Таблетки… Теперь это предстало перед ней во всей своей ясности. Вот в чем дело. Она не дала их Франсуа этим утром. Значит, он ничего не принимал более одиннадцати часов… А следовательно, вполне мог достаточно собраться с мыслями, чтобы действовать у нее за спиной.
Матильда подумала, что, когда она поднялась в спальню, Франсуа спал, но с его стороны это могло оказаться и хитростью. Она представила себе, как он неподвижно лежит в своей кровати, прислушиваясь к шумам в доме. Должно быть, ему пришлось очень долго ждать, чтобы быть уверенным, что у него развязаны руки, прежде чем встать и направиться к Людовику.
Теперь они все сговорились против нее… Этот жандарм и Ле Бри были всего лишь прелюдией к тому, что ее ожидает. Она никому больше не может доверять.
Лихорадочным движением Матильда сунула руку в карман своего пальто и достала оттуда 1935. Металл слабо поблескивал в свете полуоткрытой двери. Руки у нее затряслись. Это оружие пугало ее, но она знала, что оно представляет собой наилучшее средство убеждения. Кто знает, на что может быть способен этот придурок? К тому же надо быть более убедительной и не довольствоваться тем, чтобы размахивать незаряженным пистолетом.
Она вынула обойму и медленно вставила ее в рукоятку пистолета, до тихого щелчка блокировки. У нее в памяти всплыли слова предостережения отца: «Девочки, никогда не забывайте, что к оружию всегда нужно относиться так, будто оно заряжено. Нельзя наставлять пистолет на кого-нибудь. Надо много раз выстрелить куда-нибудь в сторону, чтобы удостовериться, что в патроннике не осталось ни одной пули…»
Единственный раз она стреляла из этого пистолета в 13 лет. Она была потрясена силой отдачи, от которой боль в руке и плече не проходила несколько часов.
Но сейчас никакого риска, что пуля случайно вылетит. Она не потянула затвор, чтобы дослать первый патрон, и не сняла предохранитель.
Положив пистолет на пол, Матильда, помогая себе указательным пальцем как рожком для обуви, сняла домашние туфли. Затем неслышными шагами пересекла гостиную.

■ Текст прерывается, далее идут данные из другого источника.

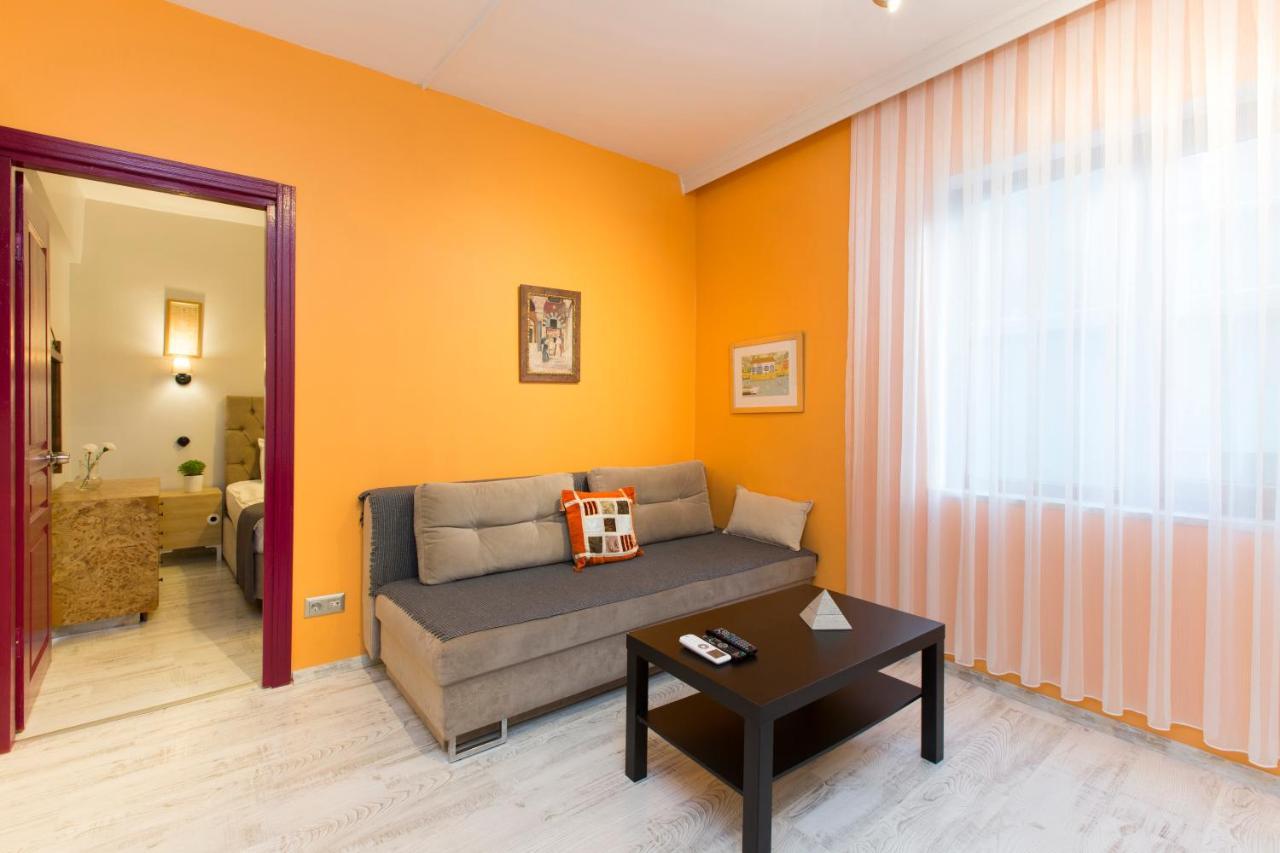 Istanbul Apartments Istiklal Eksteriør bilde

Из погреба донеслось несколько отдельных слов, произнесенных более четко, чем остальные — «убийство», «сумасшедшая», — а затем снова шепот, который становился все более различимым по мере того, как она приближалась.
— …должны сделать хоть что-то… сорвалась со всех крючков… отдаете себе отчет?
Голос Людовика был не такой покорный, как раньше, почти воинственный — такой, каким он был в его первые дни в погребе, когда он еще бунтовал против своей судьбы, пока силы не начали покидать его.